While Poppy was president, he waged war on the public schools, using various weapons. The truth, however, was not among them.

In 1991, through the Department of Energy, he commissioned the world-renowned and world-respected Sandia National Laboratories to do a study comparing the performances of private and public schools nationwide. Bush the Elder fully expected that the study would bear out the conservative Republican dogma stating that private schools are better and that public schools aren't worth supporting.

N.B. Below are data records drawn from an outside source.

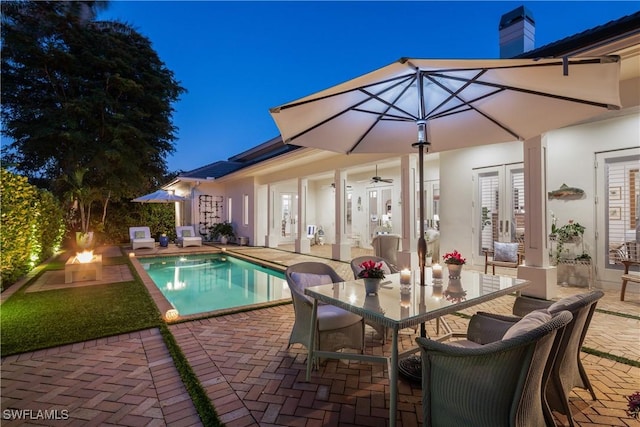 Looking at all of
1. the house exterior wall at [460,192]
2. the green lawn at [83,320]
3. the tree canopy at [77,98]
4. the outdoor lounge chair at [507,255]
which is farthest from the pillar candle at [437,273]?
the tree canopy at [77,98]

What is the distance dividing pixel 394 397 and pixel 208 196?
50.9 ft

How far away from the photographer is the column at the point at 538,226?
4957 mm

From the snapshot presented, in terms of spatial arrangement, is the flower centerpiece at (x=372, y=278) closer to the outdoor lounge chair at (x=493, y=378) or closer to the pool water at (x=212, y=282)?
the outdoor lounge chair at (x=493, y=378)

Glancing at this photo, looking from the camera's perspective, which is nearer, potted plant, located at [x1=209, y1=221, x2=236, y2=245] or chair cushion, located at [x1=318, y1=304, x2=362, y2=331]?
chair cushion, located at [x1=318, y1=304, x2=362, y2=331]

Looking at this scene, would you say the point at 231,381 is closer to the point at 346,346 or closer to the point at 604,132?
the point at 346,346

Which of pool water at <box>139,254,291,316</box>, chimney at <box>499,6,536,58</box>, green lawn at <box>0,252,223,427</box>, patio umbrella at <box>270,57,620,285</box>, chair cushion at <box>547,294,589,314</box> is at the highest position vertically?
chimney at <box>499,6,536,58</box>

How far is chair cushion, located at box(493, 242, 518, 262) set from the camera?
19.5 feet

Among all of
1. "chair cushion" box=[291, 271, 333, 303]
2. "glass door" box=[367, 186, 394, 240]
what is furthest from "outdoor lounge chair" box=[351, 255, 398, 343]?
"glass door" box=[367, 186, 394, 240]

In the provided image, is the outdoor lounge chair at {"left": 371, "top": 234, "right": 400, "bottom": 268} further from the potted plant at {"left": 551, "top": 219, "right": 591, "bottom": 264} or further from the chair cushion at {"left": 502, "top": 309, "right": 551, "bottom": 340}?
the chair cushion at {"left": 502, "top": 309, "right": 551, "bottom": 340}

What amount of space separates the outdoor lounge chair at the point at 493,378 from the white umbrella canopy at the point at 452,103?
5.53 feet

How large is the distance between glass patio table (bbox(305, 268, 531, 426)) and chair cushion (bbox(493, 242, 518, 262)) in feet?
11.0

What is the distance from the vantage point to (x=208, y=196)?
15891 mm

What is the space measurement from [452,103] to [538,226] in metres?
3.19

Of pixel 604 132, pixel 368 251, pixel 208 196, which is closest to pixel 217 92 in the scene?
pixel 208 196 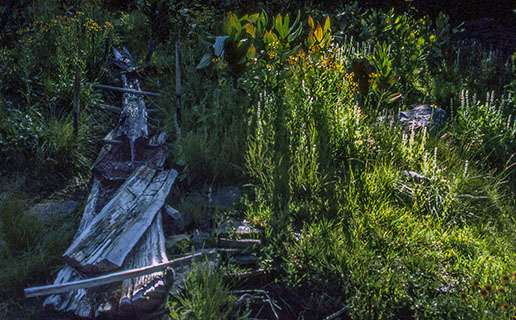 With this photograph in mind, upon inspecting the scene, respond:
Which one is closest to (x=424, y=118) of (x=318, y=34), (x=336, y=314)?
(x=318, y=34)

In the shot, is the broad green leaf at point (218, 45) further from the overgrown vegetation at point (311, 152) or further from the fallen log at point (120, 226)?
the fallen log at point (120, 226)

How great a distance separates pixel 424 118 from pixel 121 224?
3307mm

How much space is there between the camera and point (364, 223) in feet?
10.4

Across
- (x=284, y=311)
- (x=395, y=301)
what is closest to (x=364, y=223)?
(x=395, y=301)

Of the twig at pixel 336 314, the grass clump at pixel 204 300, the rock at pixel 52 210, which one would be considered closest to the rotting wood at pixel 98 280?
the grass clump at pixel 204 300

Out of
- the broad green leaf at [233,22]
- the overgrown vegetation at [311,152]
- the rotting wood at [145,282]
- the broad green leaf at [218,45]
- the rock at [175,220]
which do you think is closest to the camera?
the rotting wood at [145,282]

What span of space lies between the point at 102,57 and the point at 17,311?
12.6 feet

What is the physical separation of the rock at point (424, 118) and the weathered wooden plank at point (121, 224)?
8.28 feet

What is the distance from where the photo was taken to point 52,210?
3715mm

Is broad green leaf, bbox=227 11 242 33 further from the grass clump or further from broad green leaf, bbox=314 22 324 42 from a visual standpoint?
the grass clump

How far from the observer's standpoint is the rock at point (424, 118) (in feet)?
14.9

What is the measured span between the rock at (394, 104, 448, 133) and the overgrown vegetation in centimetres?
12

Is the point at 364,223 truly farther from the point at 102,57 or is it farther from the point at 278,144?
the point at 102,57

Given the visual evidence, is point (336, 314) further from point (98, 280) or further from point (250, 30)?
point (250, 30) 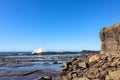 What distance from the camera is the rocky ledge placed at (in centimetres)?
1987

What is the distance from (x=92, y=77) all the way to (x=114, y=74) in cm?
330

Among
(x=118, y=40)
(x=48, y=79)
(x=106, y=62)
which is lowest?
(x=48, y=79)

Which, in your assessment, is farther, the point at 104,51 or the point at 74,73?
the point at 104,51

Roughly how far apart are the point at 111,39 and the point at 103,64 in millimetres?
7165

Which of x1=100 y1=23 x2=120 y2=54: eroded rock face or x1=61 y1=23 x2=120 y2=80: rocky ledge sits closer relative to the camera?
x1=61 y1=23 x2=120 y2=80: rocky ledge

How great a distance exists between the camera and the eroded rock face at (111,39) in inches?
1100

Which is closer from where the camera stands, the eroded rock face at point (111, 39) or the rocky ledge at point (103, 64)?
the rocky ledge at point (103, 64)

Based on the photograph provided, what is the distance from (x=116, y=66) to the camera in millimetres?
20984

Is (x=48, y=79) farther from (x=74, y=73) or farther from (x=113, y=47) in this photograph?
(x=113, y=47)

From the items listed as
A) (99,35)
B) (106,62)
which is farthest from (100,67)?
(99,35)

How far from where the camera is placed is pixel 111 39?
29.7 metres

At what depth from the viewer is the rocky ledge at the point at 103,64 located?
1987 cm

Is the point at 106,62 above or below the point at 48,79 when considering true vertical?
above

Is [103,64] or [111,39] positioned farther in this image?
[111,39] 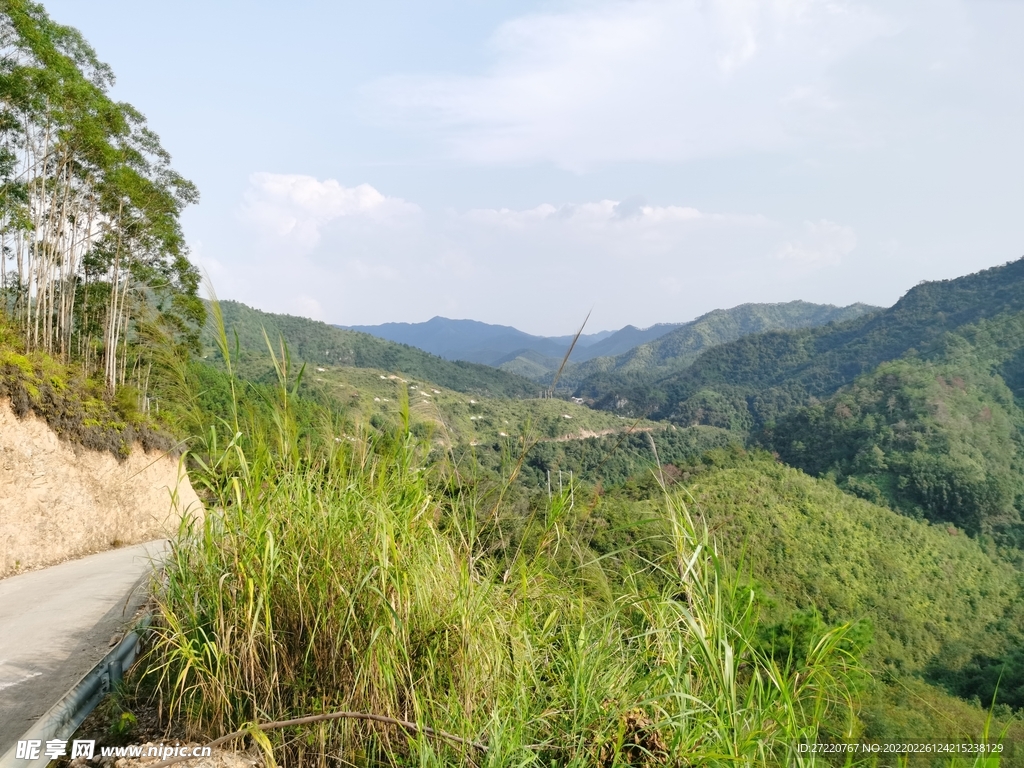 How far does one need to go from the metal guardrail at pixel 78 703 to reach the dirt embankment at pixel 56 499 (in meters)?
4.29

Boy, was he in for a shock.

The report did find some problems with public schools -- but also found that more, not less, money was the answer to fixing them. Furthermore, it also found that in comparison with private schools, the public schools on the whole did just as good a job as the privates at educating kids -- and sometimes did better.

So what did President Poppy do with this report? Did he heed the facts, even though they blew holes in his theory?

Of course not: He deep-sixed the Sandia Report for the rest of his term in office. It wasn't until Clinton took office in 1993 that it was released to the public.